LGE charges Hitachi with infringing four of its patents: U.S. Patent Nos. 4,939,641, 5,379,379, 5,077,733 and 4,918,-645. The same patents were the subject of litigation in this Court between LGE and a number of computer manufacturers. That litigation was eventually appealed to the United States Supreme Court. The Supreme Court described the technology embodied in the first three of the patents as follows:

The data processed by the computer are stored principally in random access memory, also called main memory. Frequently accessed data are generally stored in cache memory, which permits faster access than main memory and is often located on the microprocessor itself. When copies of data are stored in both the cache and main memory, problems may arise when one copy is changed but the other still contains the original “stale” version of the data. The '641 patent addresses this problem. It discloses a system for ensuring that the most current data are retrieved from main memory by monitoring data requests and updating main memory from the cache when stale data are requested. The '379 patent relates to the coordination of requests to read from, and write to, main memory. Processing these requests in chronological order can slow down a system because read requests are faster to execute than write requests. Processing all read requests first ensures speedy access, but may result in the retrieval of outdated data if a read request for a certain piece of data is processed before an outstanding write request for the same data. The '379 patent discloses an efficient method of organizing read and write requests while maintaining accuracy by allowing the computer to execute only read requests until it needs data for which there is an outstanding write request. Upon receiving such a read request, the computer executes pending write requests first and only then returns to the read requests so that the most up-to-date data are retrieved.
The '733 patent addresses the problem of managing the data traffic on a bus connecting two computer components, so that no one device monopolizes the bus. It allows multiple devices to share the bus, giving heavy users greater access. *1039 This patent describes methods that establish a rotating priority system under which each device alternately has priority access to the bus for a preset number of cycles and heavier users can maintain priority for more cycles without “hogging” the device indefinitely.

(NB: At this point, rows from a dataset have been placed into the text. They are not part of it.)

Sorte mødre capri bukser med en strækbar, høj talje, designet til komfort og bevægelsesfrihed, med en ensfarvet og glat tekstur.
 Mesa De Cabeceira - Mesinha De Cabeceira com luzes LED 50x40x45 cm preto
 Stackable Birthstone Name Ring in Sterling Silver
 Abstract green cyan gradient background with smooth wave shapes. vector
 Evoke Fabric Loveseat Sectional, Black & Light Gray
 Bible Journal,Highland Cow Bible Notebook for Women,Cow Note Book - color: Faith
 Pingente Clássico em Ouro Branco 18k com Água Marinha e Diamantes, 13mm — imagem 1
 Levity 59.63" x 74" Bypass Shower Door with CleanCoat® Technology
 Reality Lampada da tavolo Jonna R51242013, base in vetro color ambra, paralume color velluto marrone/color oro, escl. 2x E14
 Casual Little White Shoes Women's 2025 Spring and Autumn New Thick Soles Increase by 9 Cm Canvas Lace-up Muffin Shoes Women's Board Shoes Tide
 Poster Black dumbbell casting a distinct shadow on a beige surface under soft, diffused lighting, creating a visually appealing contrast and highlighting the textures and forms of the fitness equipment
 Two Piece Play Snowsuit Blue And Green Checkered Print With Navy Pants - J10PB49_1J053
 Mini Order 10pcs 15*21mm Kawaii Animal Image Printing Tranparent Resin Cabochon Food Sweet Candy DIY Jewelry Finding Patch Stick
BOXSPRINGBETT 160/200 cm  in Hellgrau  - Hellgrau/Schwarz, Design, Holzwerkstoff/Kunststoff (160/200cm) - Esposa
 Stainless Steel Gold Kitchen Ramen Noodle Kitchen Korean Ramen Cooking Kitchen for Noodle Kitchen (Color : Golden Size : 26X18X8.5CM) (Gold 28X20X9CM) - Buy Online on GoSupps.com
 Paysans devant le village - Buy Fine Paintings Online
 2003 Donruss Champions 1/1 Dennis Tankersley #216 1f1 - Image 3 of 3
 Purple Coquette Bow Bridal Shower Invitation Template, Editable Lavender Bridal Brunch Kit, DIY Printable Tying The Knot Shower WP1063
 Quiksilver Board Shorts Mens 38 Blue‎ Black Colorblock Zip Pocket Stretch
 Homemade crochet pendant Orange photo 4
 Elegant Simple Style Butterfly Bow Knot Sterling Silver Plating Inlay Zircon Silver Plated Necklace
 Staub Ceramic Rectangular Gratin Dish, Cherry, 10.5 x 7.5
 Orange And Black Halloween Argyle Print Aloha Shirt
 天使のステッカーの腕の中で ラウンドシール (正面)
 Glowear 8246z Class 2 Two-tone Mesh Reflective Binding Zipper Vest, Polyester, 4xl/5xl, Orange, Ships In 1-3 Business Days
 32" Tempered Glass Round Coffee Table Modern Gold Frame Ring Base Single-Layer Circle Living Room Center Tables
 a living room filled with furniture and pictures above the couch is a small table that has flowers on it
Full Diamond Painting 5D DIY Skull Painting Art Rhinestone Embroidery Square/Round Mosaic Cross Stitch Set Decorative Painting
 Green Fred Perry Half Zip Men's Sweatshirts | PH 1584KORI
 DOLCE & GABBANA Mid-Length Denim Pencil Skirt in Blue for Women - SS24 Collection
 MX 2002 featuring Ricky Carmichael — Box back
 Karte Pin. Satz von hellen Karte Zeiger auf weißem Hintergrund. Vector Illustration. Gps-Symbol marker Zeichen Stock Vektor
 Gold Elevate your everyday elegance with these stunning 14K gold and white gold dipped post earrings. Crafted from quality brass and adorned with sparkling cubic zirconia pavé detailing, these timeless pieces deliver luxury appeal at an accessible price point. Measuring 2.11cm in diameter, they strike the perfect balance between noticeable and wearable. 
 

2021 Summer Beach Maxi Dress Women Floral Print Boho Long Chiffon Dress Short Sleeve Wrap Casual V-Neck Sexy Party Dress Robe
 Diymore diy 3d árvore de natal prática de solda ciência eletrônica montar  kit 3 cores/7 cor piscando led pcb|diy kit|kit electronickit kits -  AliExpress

Quanta Computer, Inc. v. LG Elecs., Inc., — U.S. -, 128 S.Ct. 2109, 2113-14, 170 L.Ed.2d 996 (2008) (citations omitted).

Although the '645 patent was the subject of proceedings in this Court and in the Federal Circuit on appeal, LGE did not pursue its infringement contentions with respect to the '645 patent in the Supreme Court. In its decision, the Federal Circuit described the technology embodied in that patent as follows:

The '645 patent discloses a digital computer system that has devices called agents that are interconnected by a system bus. The claimed system and corresponding method require one agent, the requesting agent, to request access to a memory stored on another agent, called the replying agent. The requested data is organized as a matrix of memory cells, having column and row coordinates. The “memory controller” of the replying agent processes the request from the requesting agent by asserting a plurality of memory address control signals, including at least one row address strobe (“RAS”) signal and one column address strobe (“CAS”) signal. This “page mode memory access” operates by the assertion of an entire row of data followed by the assertion and deassertion of multiple column addresses. By the RAS signal accessing an entire row followed by the assertion and deassertion of particular column addresses, this page mode memory access differs from the conventional memory access, which separately accessed each memory cell by asserting its individual row address and column address. In the claimed invention, after the data is accessed, it is then transferred to the requesting agent over the system bus.

LG Elecs., Inc. v. Bizcom Elecs., Inc. (Bizcom), 453 F.3d 1364, 1373 (Fed.Cir.2006).

On September 7, 2000, LGE entered into a license agreement with Intel Corporation. Pursuant to this agreement, Intel paid to LGE a certain sum of money and agreed to provide an additional amount in discounts on future purchases. It also gave LGE a license to its own patents. In exchange, Intel received a “fully paid-up, worldwide license” to the technology in LGE’s patents, including the four patents at issue here. The same license agreement was involved in the Quanta litigation. The Supreme Court described the relevant provisions of the agreement as follows:

The License Agreement authorizes Intel to “make, use, sell (directly or indirectly), offer to sell, import or otherwise dispose of’ its own products practicing the LGE Patents. Notwithstanding this broad language, the License Agreement contains some limitations. Relevant here, it stipulates that no license “is granted by either party hereto ... to any third party for the combination by a third party of Licensed Products of either party with items, components, or the like acquired ... from sources other than a party hereto, or for the use, import, offer for sale or sale of such combination.” The License Agreement purports not to alter the usual rules of patent exhaustion, however, providing that, “[njotwithstanding anything to the contrary contained in this Agreement, the parties agree that nothing herein shall in any way limit or alter the effect of patent exhaustion that would otherwise apply when a party hereto sells any of its Licensed Products.”
In a separate agreement (Master Agreement), Intel agreed to give written notice to its own customers informing them *1040 that, while it had obtained a broad license “ensuring] that any Intel product that you purchase is licensed by LGE and thus does not infringe any patent held by LGE,” the license “does not extend, expressly or by implication, to any product that you make by combining an Intel product with any non-Intel product.” The Master Agreement also provides that “a breach of this Agreement shall have no effect on and shall not be grounds for termination of the Patent License.”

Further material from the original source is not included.